Investors can determine if a stock is overbought or oversold by charting the ratio of higher closes, also known as the relative strength index, or RSI. This is a momentum oscillator that measures the direction that a stock is going, and the velocity of the move.
Cramer also matches the RSI of an individual stock to something else, maybe the relative strength of its sector or a larger index, and then measure the price action historically. He looks for anomalies where strength stands out, because that is a sign that there is a pending move or a change in momentum.
The inverse can also be true; a stock can also fall so fast that investors should expect it to snap back because it is technically oversold. These patterns are reliable indicators that a change in direction is about to occur, and are terrific action points.
So, for investors that are debating whether to buy a stock, have done all the research and find that the stock is overbought, Cramer said to wait for the inevitable pullback that almost always happens.
Sometimes stocks can even break through all of the ceilings of traditional significant measurement periods, and then stay overbought for weeks at a time.

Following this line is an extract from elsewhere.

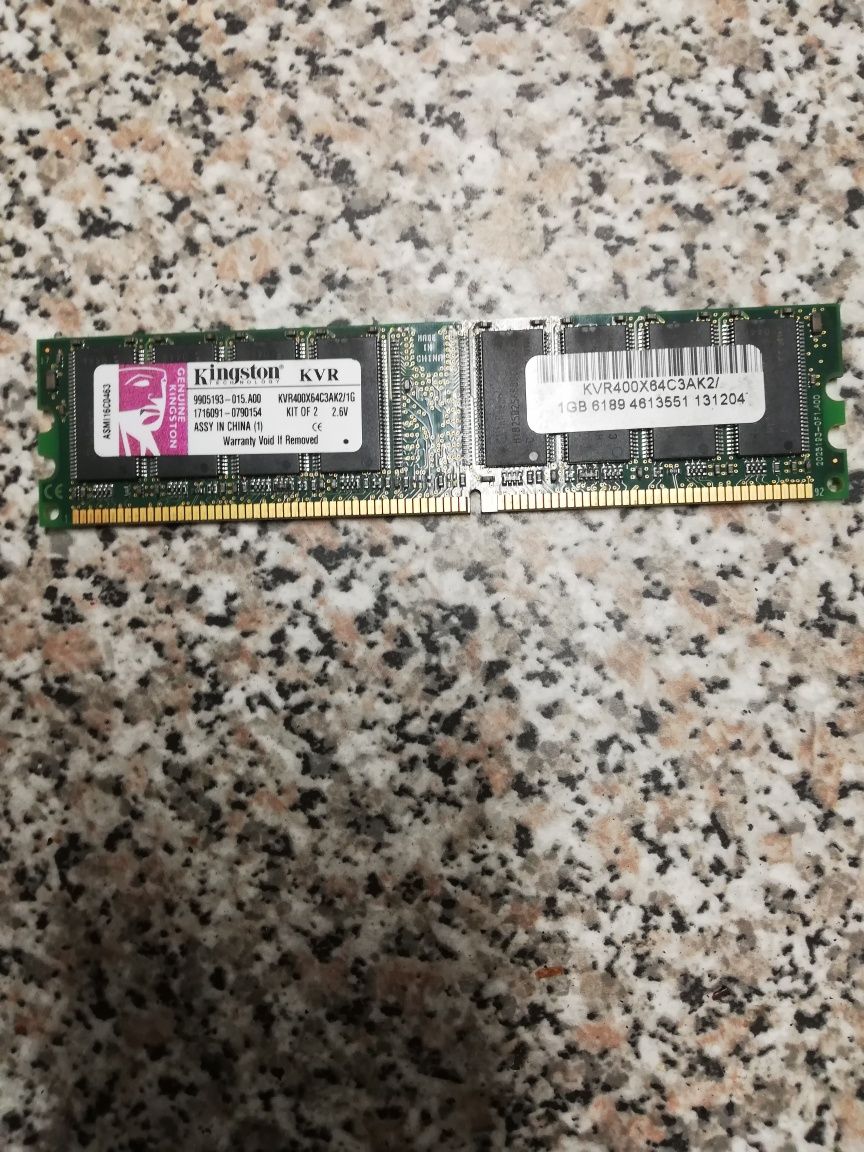 1 GB Memória RAM DR1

These stocks defy the notion of the inevitable gravitational pull of the old equilibrium line and can't be contained.
"When you spot these highly unusual moves you may be able to strap yourself into a real moon shot," Cramer said.
Volume is another key tool that chartists use to find pivots. It is often said that volume can be a lie detector to tell investors if a move is real or not. When there is a small move on light volume, technicians ignore it.
Chartists use volume to determine if large money managers are starting to accumulate or distribute the stock in an aggressive way.
They also measure something called an accumulation distribution line. This involves charting whether a stock closes higher on greater volume on any given day, versus lower or low volume. Most brokerage firms offer this kind of charting on their websites.
Cramer saw this occur with Monsanto in July 2012. He didn't care for the stock of the company at the time. But the accumulation-distribution line showed that the stock had down days with light volume and up days with heavy volume. That was a sure sign that more money was flowing into the stock, rather than out of it.
It turns out that Monsanto's stock had started correlating with the price of corn, which was going higher because of new demand for ethanol engendered by government price supports. Cramer was too concerned about near-term earnings, and worries about a shortfall to recognize what was happening.
"Powerful moves can, and often do, elude those who are only focused on the underlying companies and not the action of the stocks themselves," Cramer said.